Eine Jahrgangskollegin, die mit im Bus sitzt und ein paar Haltestellen früher aussteigt, erzählt, dass eigentlich alles auf Rügen in Bergen stattfinde. Wann immer es gehe, übernachte sie bei Freundinnen in der Stadt. Volleyballspielen am Abend sei nicht mehr drin. Das Training beginne erst um 19 Uhr, „das passt nicht mit den Buszeiten“.
Josepha sagt, dass sie schon mal mit ihren Eltern überlegt habe, ob es nicht möglich wäre, für die Fahrschüler ein Internat in Bergen einzurichten. „Die Politiker interessiert unsere Situation doch gar nicht“, sagt Maximilian.
Signale des Niedergangs
Jede Schulschließung ist immer auch ein Signal des Niedergangs. Keine Turnhallen mehr für Vereine, keine Räume, die auch für andere Veranstaltungen offenstehen. Keine jungen Leute mehr im Ort.

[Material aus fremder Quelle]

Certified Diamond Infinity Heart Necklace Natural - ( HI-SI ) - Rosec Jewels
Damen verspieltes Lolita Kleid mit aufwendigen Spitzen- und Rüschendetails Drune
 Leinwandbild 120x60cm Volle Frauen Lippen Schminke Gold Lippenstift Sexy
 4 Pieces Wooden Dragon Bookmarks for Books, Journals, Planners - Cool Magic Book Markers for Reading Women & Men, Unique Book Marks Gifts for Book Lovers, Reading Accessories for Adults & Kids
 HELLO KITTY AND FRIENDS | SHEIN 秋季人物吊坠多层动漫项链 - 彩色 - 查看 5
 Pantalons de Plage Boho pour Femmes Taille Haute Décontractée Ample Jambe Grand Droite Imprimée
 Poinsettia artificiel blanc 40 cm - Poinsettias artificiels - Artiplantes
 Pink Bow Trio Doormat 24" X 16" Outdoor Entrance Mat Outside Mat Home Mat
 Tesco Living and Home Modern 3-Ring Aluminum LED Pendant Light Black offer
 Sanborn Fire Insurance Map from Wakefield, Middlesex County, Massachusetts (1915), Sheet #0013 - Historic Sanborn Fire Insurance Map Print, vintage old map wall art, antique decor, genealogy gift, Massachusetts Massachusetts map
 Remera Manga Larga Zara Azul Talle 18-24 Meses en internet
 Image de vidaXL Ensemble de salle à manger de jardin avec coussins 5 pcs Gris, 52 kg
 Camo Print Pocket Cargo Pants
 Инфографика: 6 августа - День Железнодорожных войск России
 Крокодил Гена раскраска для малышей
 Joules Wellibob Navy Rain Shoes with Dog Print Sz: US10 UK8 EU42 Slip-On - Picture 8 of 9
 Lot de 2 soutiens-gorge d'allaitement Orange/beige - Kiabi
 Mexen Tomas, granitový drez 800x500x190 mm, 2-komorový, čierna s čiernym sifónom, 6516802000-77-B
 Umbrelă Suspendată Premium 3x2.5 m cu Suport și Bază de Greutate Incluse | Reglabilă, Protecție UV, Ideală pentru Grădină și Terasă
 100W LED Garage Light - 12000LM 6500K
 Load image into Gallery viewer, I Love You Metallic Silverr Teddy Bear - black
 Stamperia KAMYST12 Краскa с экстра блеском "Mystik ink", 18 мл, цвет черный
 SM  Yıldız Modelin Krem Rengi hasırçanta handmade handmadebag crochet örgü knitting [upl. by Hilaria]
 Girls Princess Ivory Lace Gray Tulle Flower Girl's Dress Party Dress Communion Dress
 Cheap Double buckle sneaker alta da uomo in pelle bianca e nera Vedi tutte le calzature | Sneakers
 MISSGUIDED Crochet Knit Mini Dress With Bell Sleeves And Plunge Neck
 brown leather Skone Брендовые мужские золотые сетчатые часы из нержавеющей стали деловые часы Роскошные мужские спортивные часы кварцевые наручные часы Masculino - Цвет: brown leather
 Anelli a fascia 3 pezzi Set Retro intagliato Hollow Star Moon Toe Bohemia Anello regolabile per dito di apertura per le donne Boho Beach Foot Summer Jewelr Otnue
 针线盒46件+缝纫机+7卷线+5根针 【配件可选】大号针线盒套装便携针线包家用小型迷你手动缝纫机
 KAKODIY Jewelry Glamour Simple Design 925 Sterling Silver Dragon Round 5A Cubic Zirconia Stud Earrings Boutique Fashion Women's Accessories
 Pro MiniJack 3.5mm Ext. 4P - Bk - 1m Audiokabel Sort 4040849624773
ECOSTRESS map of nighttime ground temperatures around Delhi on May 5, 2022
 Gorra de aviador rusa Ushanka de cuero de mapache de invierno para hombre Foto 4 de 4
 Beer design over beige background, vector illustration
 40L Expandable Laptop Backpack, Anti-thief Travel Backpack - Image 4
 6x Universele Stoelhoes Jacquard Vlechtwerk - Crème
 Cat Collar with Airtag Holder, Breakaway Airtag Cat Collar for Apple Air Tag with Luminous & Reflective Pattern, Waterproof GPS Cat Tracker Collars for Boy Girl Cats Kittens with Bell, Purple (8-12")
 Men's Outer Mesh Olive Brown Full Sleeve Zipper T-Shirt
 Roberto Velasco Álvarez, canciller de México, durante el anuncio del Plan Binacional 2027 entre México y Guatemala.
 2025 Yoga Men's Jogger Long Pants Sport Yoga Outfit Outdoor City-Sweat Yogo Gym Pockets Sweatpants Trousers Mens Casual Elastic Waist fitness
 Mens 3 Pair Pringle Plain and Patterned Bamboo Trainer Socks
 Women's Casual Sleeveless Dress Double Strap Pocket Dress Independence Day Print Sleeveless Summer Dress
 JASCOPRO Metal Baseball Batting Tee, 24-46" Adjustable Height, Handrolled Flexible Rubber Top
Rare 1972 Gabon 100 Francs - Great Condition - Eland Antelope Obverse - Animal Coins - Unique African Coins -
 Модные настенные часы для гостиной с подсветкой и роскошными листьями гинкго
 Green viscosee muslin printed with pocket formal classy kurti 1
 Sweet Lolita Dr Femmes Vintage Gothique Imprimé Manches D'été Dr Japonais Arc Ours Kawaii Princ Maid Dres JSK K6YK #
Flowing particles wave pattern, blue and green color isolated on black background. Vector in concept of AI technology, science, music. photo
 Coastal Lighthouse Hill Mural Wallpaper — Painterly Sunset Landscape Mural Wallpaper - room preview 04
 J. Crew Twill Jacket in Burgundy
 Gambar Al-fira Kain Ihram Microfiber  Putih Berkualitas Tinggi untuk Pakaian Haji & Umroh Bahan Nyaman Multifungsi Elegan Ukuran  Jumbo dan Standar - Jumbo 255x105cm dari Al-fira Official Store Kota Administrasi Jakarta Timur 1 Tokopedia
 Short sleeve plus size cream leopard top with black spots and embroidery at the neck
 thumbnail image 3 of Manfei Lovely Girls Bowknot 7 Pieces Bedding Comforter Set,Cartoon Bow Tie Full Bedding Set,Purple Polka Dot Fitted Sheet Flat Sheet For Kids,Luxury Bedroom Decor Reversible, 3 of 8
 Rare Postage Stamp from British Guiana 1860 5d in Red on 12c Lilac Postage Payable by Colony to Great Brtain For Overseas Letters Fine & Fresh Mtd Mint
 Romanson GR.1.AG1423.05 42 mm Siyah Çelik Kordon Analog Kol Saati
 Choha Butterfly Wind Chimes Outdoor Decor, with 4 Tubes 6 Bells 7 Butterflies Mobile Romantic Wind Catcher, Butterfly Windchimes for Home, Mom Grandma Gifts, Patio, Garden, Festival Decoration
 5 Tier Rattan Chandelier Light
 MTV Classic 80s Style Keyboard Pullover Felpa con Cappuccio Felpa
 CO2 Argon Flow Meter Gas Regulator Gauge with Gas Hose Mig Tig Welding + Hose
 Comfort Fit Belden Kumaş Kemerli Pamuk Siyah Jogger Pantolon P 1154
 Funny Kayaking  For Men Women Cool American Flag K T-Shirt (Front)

Für Josepha ist der Schulweg Normalität. „Dass wir so lange fahren müssen, ist doof. Aber was soll man machen?“, fragt sie. Auch die anderen Jugendlichen zucken mit den Schultern. So ist es eben. Jens Basan aber, der Lehrer, sagt: „Dass einige lange fahren müssen, während die anderen Freizeit haben, ist vor allem sehr ungerecht.“
Die Frage ist, was man fürs Leben lernt, wenn man als Teenager um 6.06 Uhr in den Schulbus steigen muss. Dass manche abgehängter sind als andere?